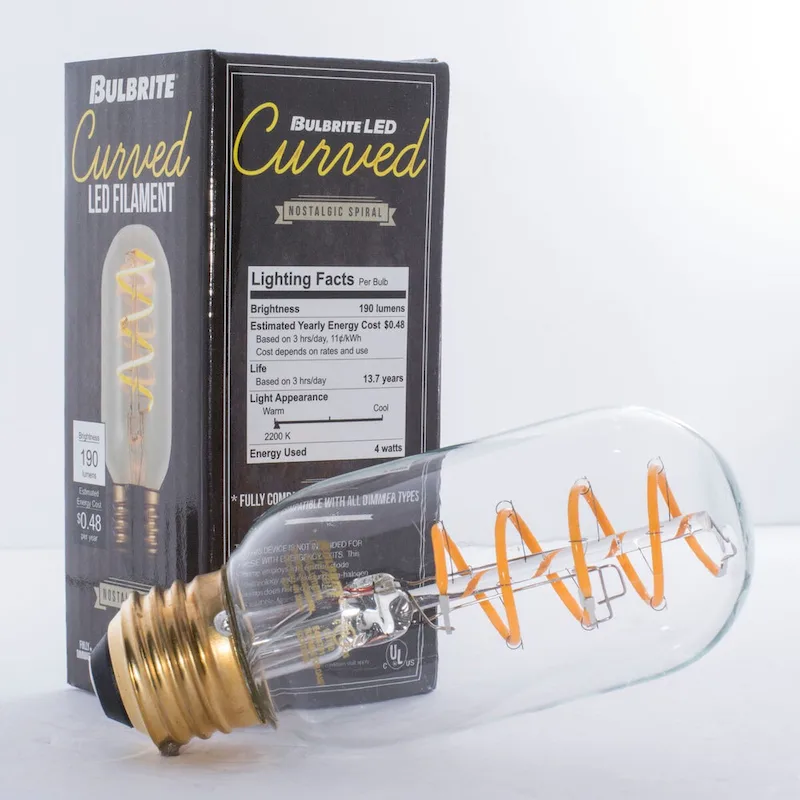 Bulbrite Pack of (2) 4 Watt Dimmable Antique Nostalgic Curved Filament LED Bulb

---

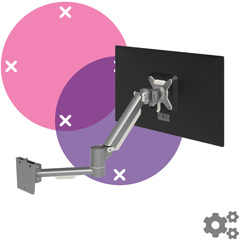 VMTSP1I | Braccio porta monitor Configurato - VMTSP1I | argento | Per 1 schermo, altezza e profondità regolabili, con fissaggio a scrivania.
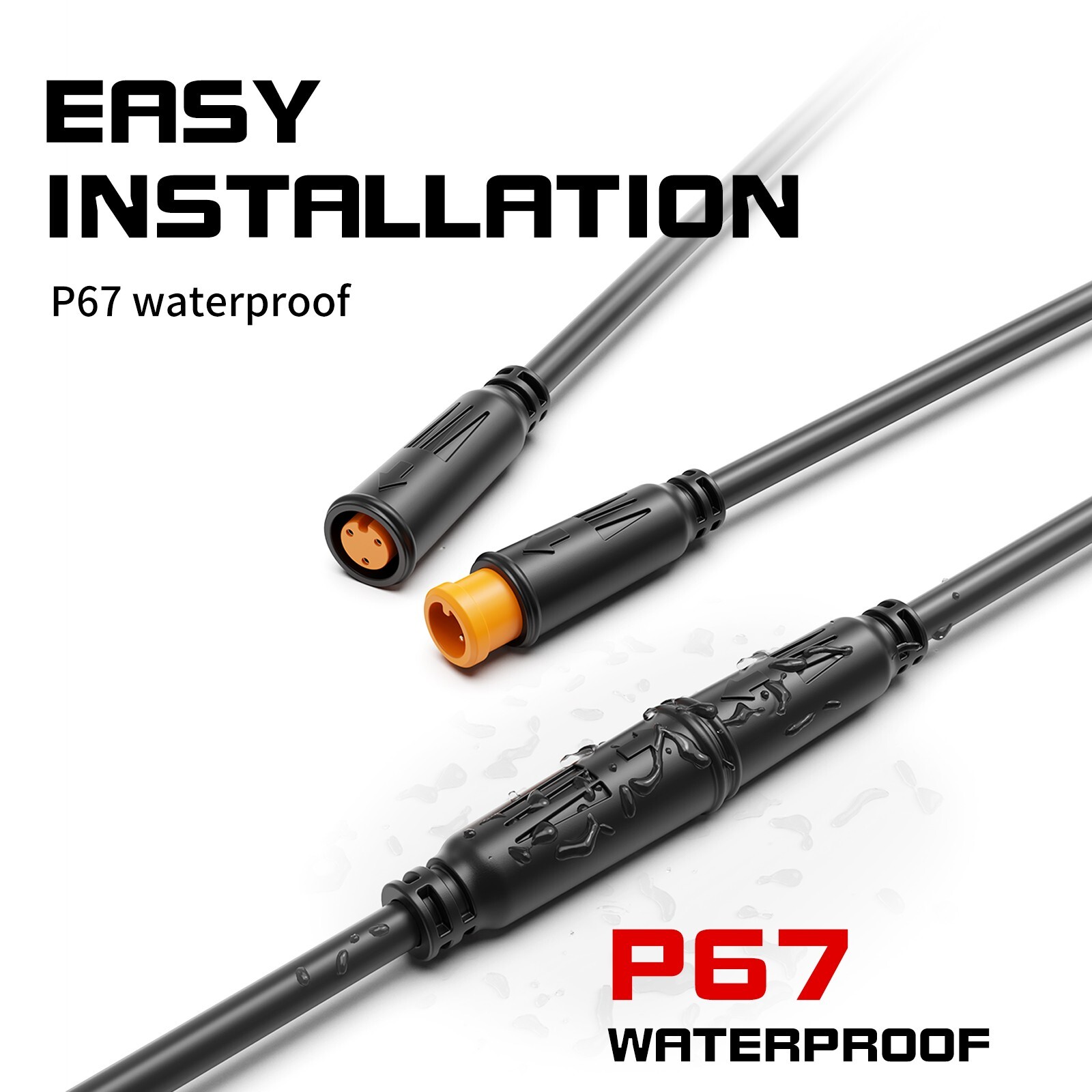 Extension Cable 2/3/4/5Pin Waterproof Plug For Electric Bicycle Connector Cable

Aim of the task: I'd like the lines above repeated exactly, from the one that contains "VMTSP1I | Braccio" through the one that contains "Extension Cable 2/3/4/5Pin", with no pictures.

Solution:
 VMTSP1I | Braccio porta monitor Configurato - VMTSP1I | argento | Per 1 schermo, altezza e profondità regolabili, con fissaggio a scrivania.
 Extension Cable 2/3/4/5Pin Waterproof Plug For Electric Bicycle Connector Cable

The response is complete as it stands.